[Items from a data source]
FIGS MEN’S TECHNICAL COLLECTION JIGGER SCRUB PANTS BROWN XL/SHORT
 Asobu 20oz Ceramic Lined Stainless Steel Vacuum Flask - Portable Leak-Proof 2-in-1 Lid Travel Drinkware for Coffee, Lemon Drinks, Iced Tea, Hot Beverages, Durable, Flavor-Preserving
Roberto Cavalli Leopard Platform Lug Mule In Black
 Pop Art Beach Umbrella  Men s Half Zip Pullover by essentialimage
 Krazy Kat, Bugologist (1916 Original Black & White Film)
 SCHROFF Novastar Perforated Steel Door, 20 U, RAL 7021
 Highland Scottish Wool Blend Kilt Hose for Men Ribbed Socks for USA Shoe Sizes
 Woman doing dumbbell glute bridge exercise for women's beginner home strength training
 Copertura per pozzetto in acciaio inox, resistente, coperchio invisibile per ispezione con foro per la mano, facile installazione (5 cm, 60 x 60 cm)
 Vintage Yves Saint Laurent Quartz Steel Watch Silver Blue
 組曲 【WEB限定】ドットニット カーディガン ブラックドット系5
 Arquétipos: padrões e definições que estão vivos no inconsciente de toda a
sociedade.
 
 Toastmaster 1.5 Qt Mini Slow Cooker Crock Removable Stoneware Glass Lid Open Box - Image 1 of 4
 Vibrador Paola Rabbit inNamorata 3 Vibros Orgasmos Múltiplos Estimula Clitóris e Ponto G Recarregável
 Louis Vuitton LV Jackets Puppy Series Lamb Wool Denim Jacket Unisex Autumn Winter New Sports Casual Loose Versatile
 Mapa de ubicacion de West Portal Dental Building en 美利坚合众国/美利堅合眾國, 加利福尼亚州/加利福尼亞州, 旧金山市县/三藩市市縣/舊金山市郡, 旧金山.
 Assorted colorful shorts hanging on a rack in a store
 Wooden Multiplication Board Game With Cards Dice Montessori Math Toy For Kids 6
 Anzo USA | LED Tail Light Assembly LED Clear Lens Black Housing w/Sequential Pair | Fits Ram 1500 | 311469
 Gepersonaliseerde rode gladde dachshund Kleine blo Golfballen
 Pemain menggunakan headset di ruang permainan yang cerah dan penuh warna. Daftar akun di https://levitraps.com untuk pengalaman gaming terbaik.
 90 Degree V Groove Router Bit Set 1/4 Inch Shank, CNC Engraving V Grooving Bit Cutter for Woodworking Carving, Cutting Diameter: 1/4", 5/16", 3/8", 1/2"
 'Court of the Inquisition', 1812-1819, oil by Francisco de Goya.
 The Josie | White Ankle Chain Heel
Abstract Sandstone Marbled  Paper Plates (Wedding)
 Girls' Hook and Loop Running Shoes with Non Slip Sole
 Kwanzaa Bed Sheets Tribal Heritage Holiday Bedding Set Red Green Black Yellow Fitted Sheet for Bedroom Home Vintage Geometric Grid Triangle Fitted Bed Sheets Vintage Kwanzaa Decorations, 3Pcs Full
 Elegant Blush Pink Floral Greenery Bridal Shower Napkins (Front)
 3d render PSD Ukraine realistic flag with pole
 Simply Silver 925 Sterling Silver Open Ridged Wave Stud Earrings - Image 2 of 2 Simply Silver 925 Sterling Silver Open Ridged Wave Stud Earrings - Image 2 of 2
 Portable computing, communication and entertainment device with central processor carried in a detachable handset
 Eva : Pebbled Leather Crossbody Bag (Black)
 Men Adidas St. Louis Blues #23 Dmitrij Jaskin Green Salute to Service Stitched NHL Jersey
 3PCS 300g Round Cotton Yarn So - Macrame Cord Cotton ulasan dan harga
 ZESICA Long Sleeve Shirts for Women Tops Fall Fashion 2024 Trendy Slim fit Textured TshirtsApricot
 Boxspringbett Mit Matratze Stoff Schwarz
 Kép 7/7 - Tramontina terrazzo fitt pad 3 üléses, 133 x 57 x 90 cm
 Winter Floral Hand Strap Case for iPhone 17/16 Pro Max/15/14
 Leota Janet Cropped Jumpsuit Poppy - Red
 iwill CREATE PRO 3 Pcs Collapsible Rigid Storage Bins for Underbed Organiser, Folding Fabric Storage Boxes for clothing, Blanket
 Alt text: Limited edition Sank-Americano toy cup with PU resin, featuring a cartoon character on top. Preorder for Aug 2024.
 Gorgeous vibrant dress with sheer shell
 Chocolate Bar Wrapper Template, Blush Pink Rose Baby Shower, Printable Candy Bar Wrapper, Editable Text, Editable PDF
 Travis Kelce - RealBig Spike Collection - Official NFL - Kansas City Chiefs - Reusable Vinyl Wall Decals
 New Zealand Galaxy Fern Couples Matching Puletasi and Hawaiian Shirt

What to work on -
I'd like the lines above from the one with "Copertura per pozzetto" up to and including the one with "Girls' Hook and" copied exactly, with no other lines.

Exercise answer -
 Copertura per pozzetto in acciaio inox, resistente, coperchio invisibile per ispezione con foro per la mano, facile installazione (5 cm, 60 x 60 cm)
 Vintage Yves Saint Laurent Quartz Steel Watch Silver Blue
 組曲 【WEB限定】ドットニット カーディガン ブラックドット系5
 Arquétipos: padrões e definições que estão vivos no inconsciente de toda a
sociedade.
 
 Toastmaster 1.5 Qt Mini Slow Cooker Crock Removable Stoneware Glass Lid Open Box - Image 1 of 4
 Vibrador Paola Rabbit inNamorata 3 Vibros Orgasmos Múltiplos Estimula Clitóris e Ponto G Recarregável
 Louis Vuitton LV Jackets Puppy Series Lamb Wool Denim Jacket Unisex Autumn Winter New Sports Casual Loose Versatile
 Mapa de ubicacion de West Portal Dental Building en 美利坚合众国/美利堅合眾國, 加利福尼亚州/加利福尼亞州, 旧金山市县/三藩市市縣/舊金山市郡, 旧金山.
 Assorted colorful shorts hanging on a rack in a store
 Wooden Multiplication Board Game With Cards Dice Montessori Math Toy For Kids 6
 Anzo USA | LED Tail Light Assembly LED Clear Lens Black Housing w/Sequential Pair | Fits Ram 1500 | 311469
 Gepersonaliseerde rode gladde dachshund Kleine blo Golfballen
 Pemain menggunakan headset di ruang permainan yang cerah dan penuh warna. Daftar akun di https://levitraps.com untuk pengalaman gaming terbaik.
 90 Degree V Groove Router Bit Set 1/4 Inch Shank, CNC Engraving V Grooving Bit Cutter for Woodworking Carving, Cutting Diameter: 1/4", 5/16", 3/8", 1/2"
 'Court of the Inquisition', 1812-1819, oil by Francisco de Goya.
 The Josie | White Ankle Chain Heel
Abstract Sandstone Marbled  Paper Plates (Wedding)
 Girls' Hook and Loop Running Shoes with Non Slip Sole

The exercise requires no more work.